Jane Emmelar Swann, née Housden
Ms. Housden married Mr. A.J. Swann on June 16, 1887 [Aug 1887], and the couple had a son, Harold Livingstone, on May 2, 1888 [Jun 1888]. On June 2, 1888, the family departed England [Jul 1888], and then departed Zanzibar for Ujiji on July 17 [Sep 1888]. On July 26 Harold died at Kikwazo [Oct 1888]. The Swanns arrived at Kavala Island on October 18 [Ninety-Fifth Report]. They eventually moved to Niamkolo, where they had a daughter, Eva, on November 23, 1890 [May 1891]. Eva died at Niamkolo on January 9, 1890 [Jun 1891]. On June 24, 1892, the Swanns had a son, Hector Lancelot [Dec 1892], who died on October 25, 1892 at Niamkolo [Apr 1893]. The Swanns arrived in England on September 2, 1893 [Oct 1893].

Rev. William Thomas
Born: February 8, 1859, at St. Clears, Carmarthenshire

Rev. W. Thomas studied at Carmarthen and Lancashire Colleges and served as a pastor in Oldham. Inspired by the Self-Denial Movement, he was appointed to the Central Africa Mission and departed England on May 9, 1893 [Jan 1893]. He reached Fwambo in October [Mar 1894] and settled at Niamkolo. Due to ill-health he returned to England, arriving on April 27, 1896 [Jun 1896] and resigned from the London Missionary Society [Sep 1896].

Rev. John Boden Thomson
Born: April 14, 1841, at Kirkpatrick, Kirkcudbrightshire
Died: September 22, 1878, at Ujiji [Feb 1879]

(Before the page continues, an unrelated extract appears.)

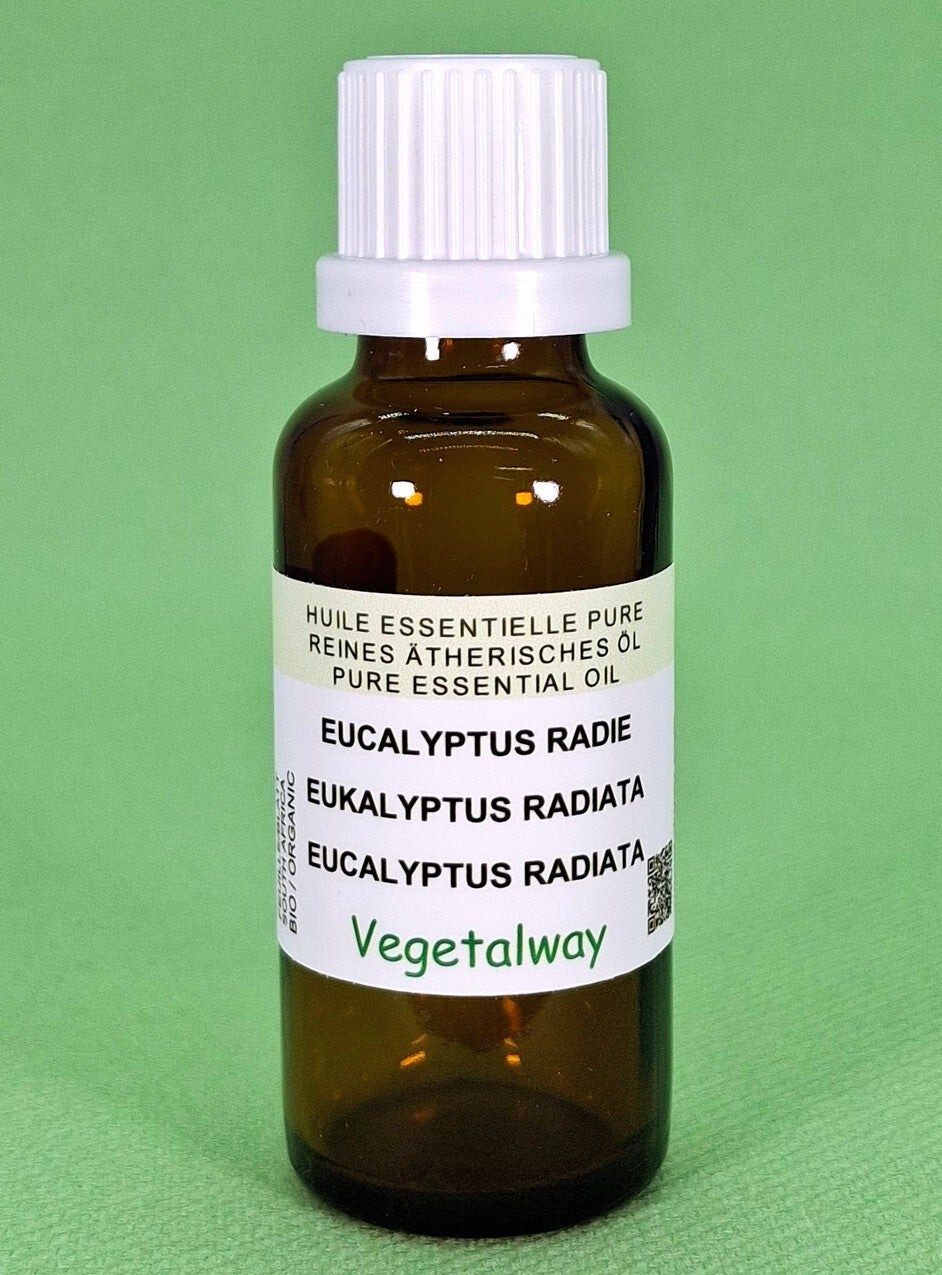 Eucalyptus radié 30/50/100ml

Rev. J.B. Thomson studied at Western College and Highgate. Originally appointed to Matabele Land in South Africa, he was ordained June 17, 1869, at Trinity Presbyterian Church, Newcastle-on-Tyne. He departed England for South Africa August 6, 1869. He arrived at Inyati on April 29 and after a short time opened the new station Hope Fountain. He returned to England to take part in the Central Africa Mission on January 20, 1877 and departed again May 6 [May 1877]. He arrived at Kirasa in November with the expedition where they waited for the next travel season. They departed Kirasa May 29, 1878 at arrived at Ujiji on August 23, 1878 [Dec 1878].

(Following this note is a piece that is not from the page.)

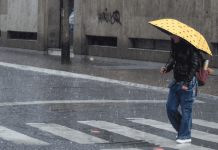 México bajo la cuarta tormenta invernal: lluvias intensas y nevadas este lunes en estos estados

His wife was born Elizabeth Edwards in 1842 and she was with Rev. Thomson in South Africa. She did not join him in Central Africa and died at Peckham on September 16, 1900 [Nov 1900].

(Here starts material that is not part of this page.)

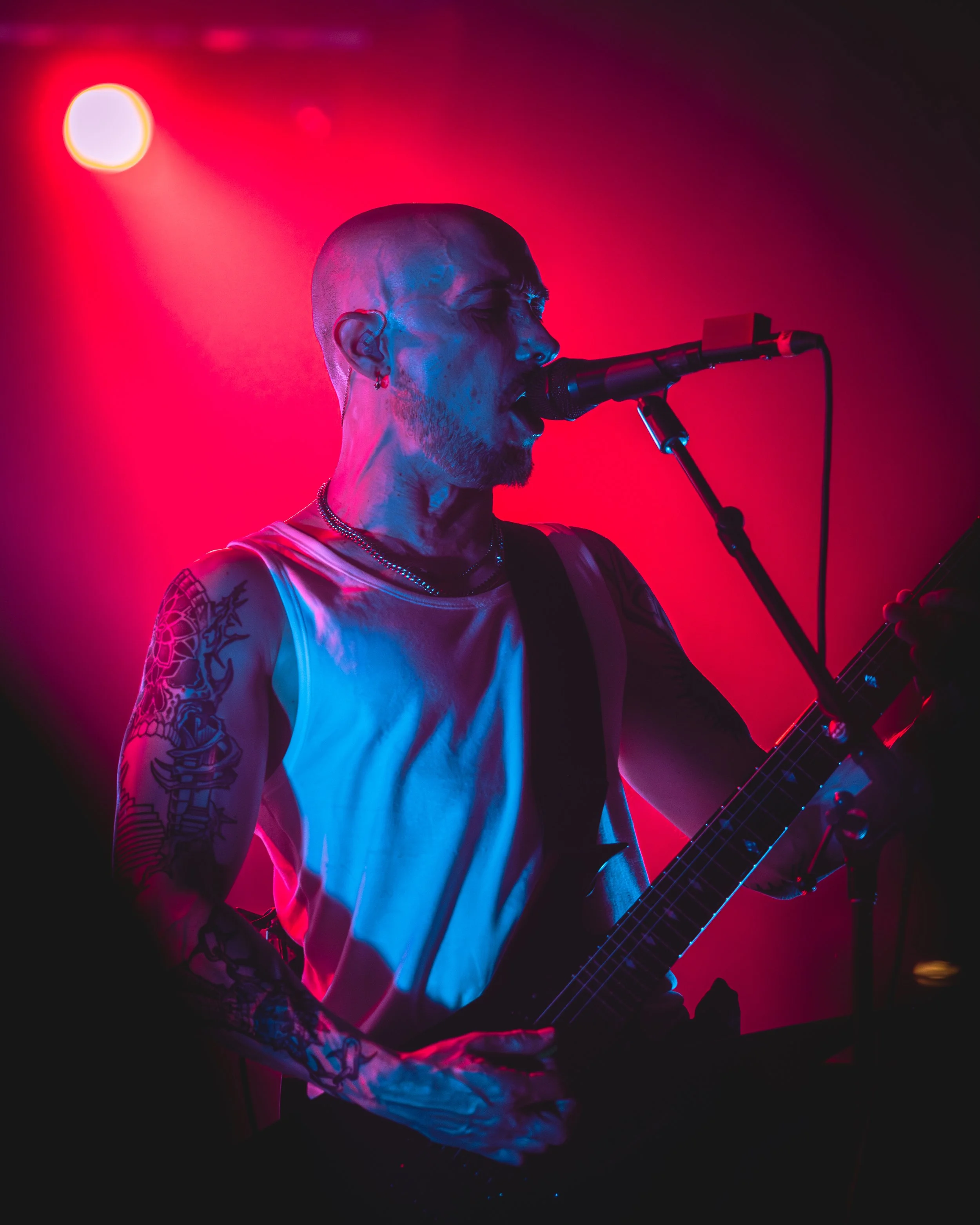 3 - Sylosis (15).jpg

Dr. John Kay Tomory, M.B., C.M.
Born: July 21, 1860, at Constantinople

Dr. Tomory studied medicine at Edinburgh University and, appointed as a medical missionary on Kavala Island, he departed England on September 25, 1886 [Nov 1886]. A year later he departed to return to England via Lake Nyasa. En route, he joined a party to relieve missionaries besieged at Karongas. He arrived in England on April 17, 1888, and married Marie Werder in Edinburgh on July 3, 1888 [Aug 1888]. They had a child on March 26, 1889 [May 1889], but their connection with the London Missionary Society ceased on April 30, 1889.

Notes:

Unless otherwise noted, missionary biographies are derived firstly from London Missionary Society: A Register of Missionaries, Deputations, Etc. From 1796 to 1923, prepared by James Sibree, D.D., Fourth Edition, published by the London Missionary Society, London, 1923. Brackets with [Month Year] indicate the issue of The Chronicle of the London Missionary Society which records the preceding event. Information denoted by a dagger (†) is from Christian Missionaries and the Creation of Northern Rhodesia 1880-1924, by Robert I. Rotberg, published by Princeton University Press, Princeton, New Jersey, 1965. Other sources are denoted by a footnote.